▸ **EXERCISE AIM**
Leaving the images aside, print every record in the material exactly.

▸ **RECORDS PROVIDED**
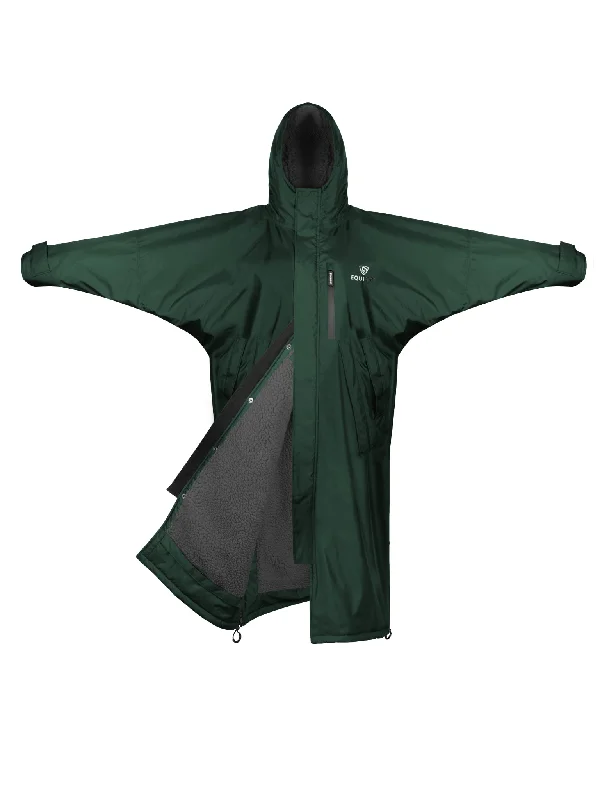 Mid - length women's down coats in a slim fit for a modern and sleek appearanceEvolution Women's | Thick Fleece | Fixed Hood | Black Forest Green/Grey Mid - length women's down coats in a slim fit for a modern and sleek appearanceEvolution Women's | Thick Fleece | Fixed Hood | Black Forest Green/Grey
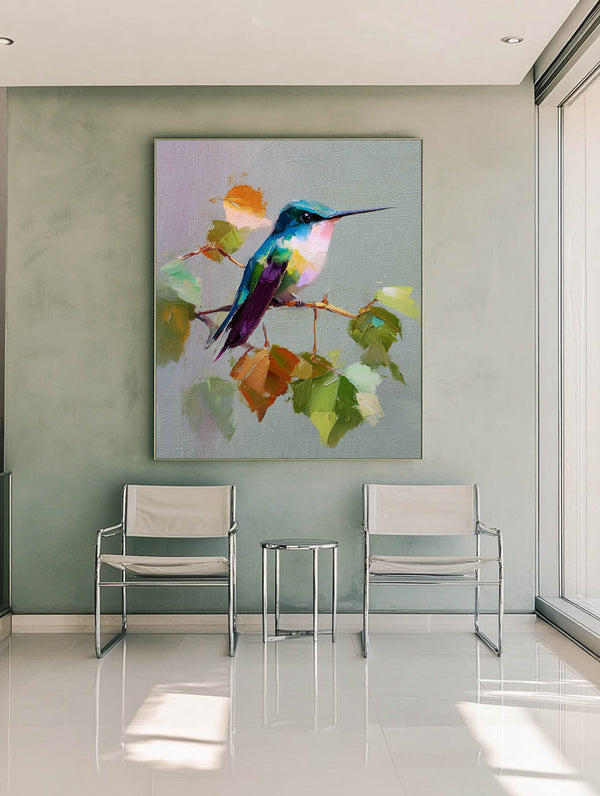 Vibrant Blue Hummingbird Oil Painting | Realistic Handmade Canvas Art | ArtExplore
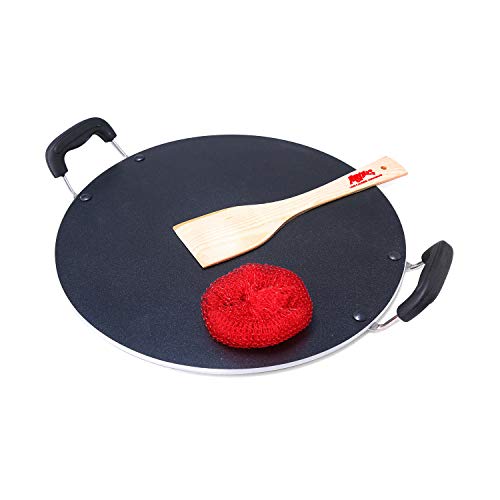 Anjali Diamond Non Stick Classic Induction Multi Tawa Deluxe No.11, Black - Image 5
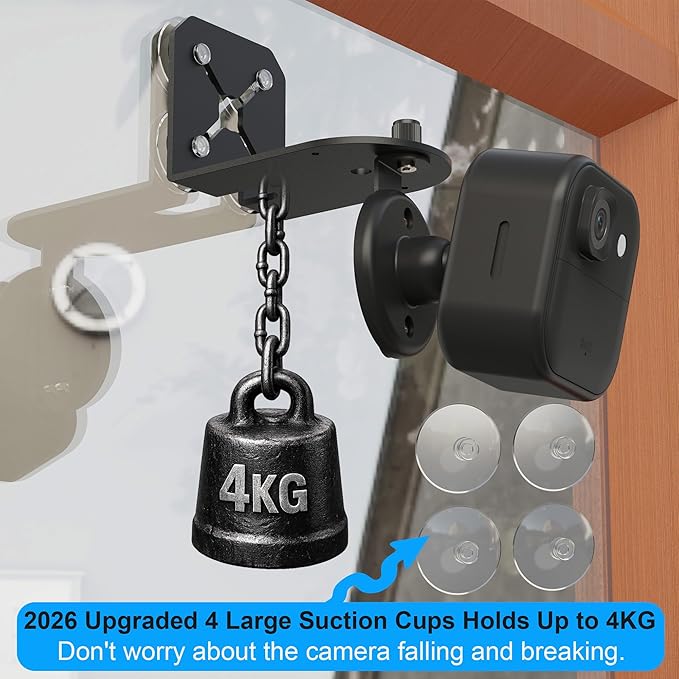 2-in-1 Metal Camera Mount for Blink Outdoor 4 & Blink Mini, （2026 Upgrade Big Suction with 360° Adjustable Bracket, Window Suction or Screw Wall Mount, Heavy Duty, Black (2-Pack)
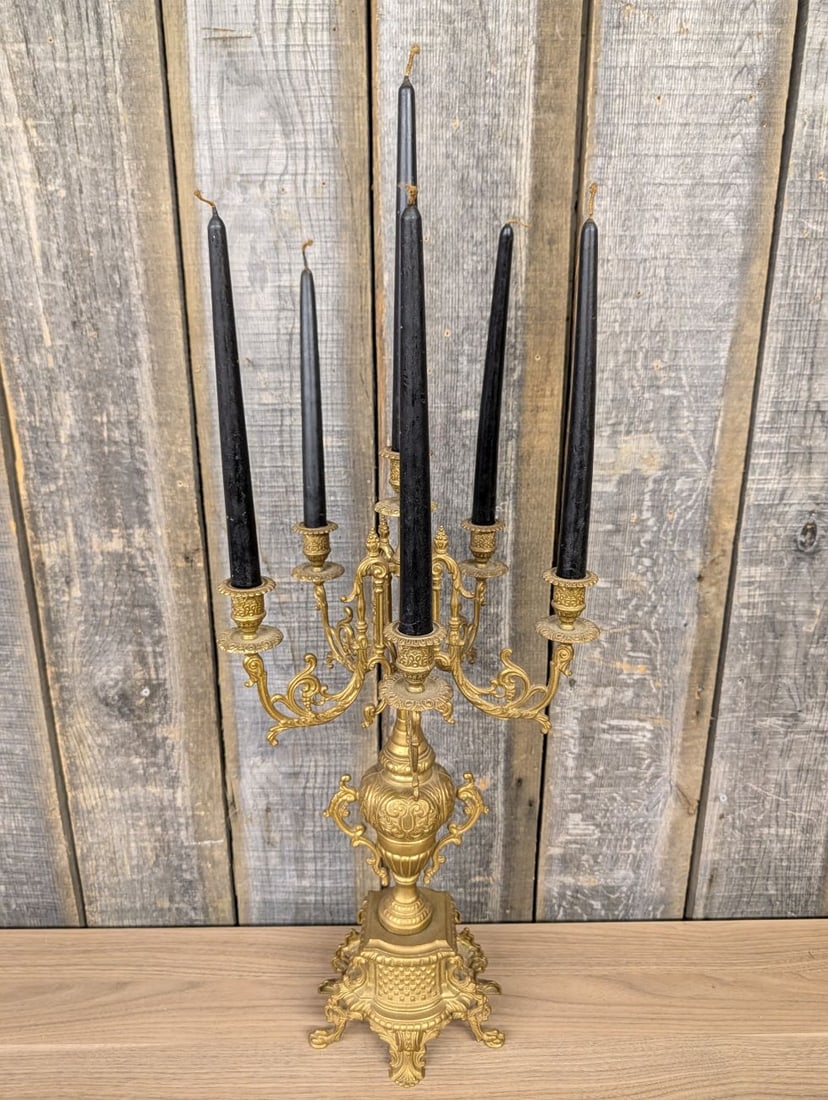 Large French Rococo Revival Cast Brass Six-Light Candelabra: A large six-light candelabra in the French Rococo Revival style, constructed from cast brass with a gold-toned finish. The object is composed of multiple cast components assembled around a central int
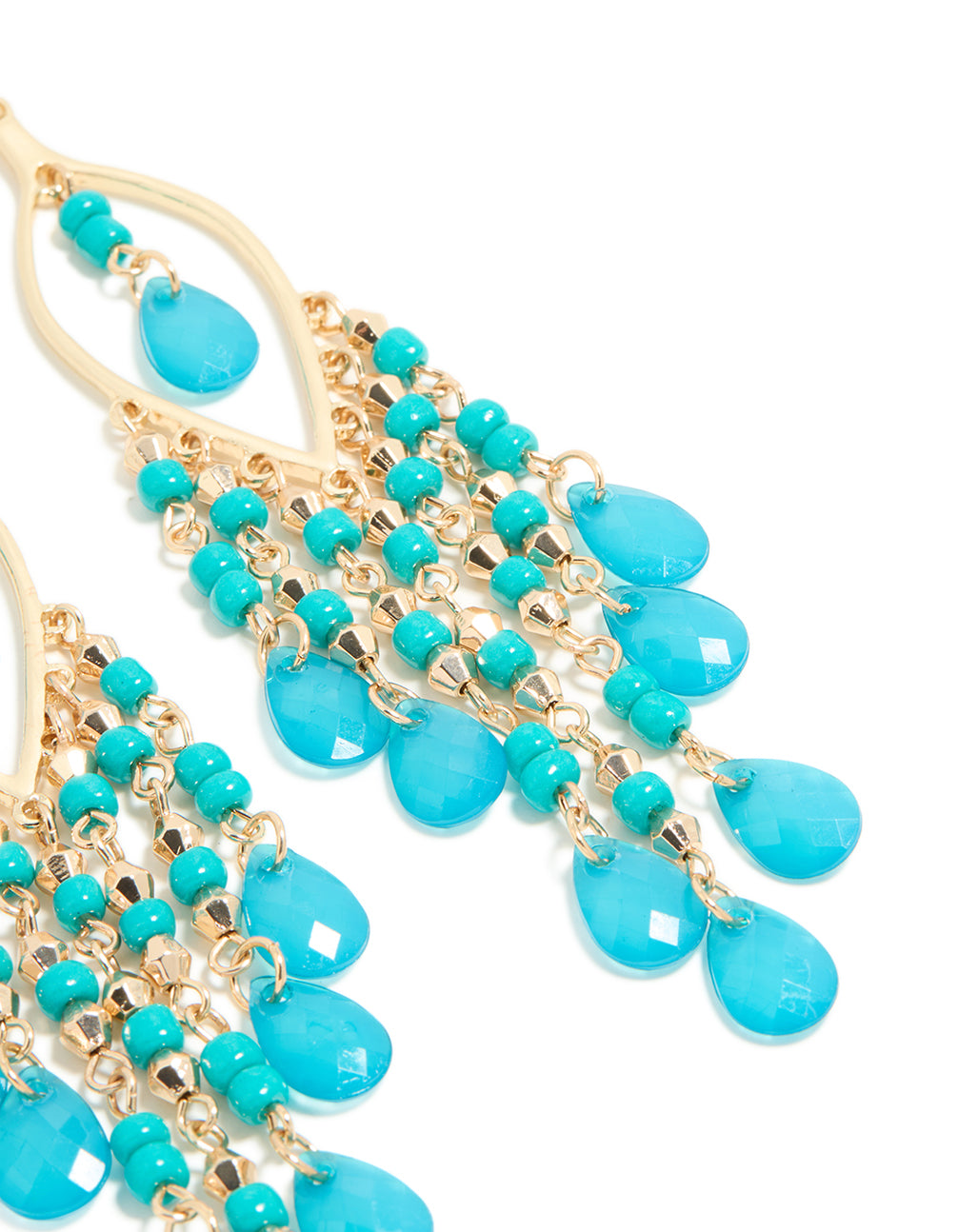 Gold Blue Beaded Oval Fish Hook Drop Earrings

▸ **EXPECTED ANSWER**
 Mid - length women's down coats in a slim fit for a modern and sleek appearanceEvolution Women's | Thick Fleece | Fixed Hood | Black Forest Green/Grey Mid - length women's down coats in a slim fit for a modern and sleek appearanceEvolution Women's | Thick Fleece | Fixed Hood | Black Forest Green/Grey
 Vibrant Blue Hummingbird Oil Painting | Realistic Handmade Canvas Art | ArtExplore
 Anjali Diamond Non Stick Classic Induction Multi Tawa Deluxe No.11, Black - Image 5
 2-in-1 Metal Camera Mount for Blink Outdoor 4 & Blink Mini, （2026 Upgrade Big Suction with 360° Adjustable Bracket, Window Suction or Screw Wall Mount, Heavy Duty, Black (2-Pack)
 Large French Rococo Revival Cast Brass Six-Light Candelabra: A large six-light candelabra in the French Rococo Revival style, constructed from cast brass with a gold-toned finish. The object is composed of multiple cast components assembled around a central int
 Gold Blue Beaded Oval Fish Hook Drop Earrings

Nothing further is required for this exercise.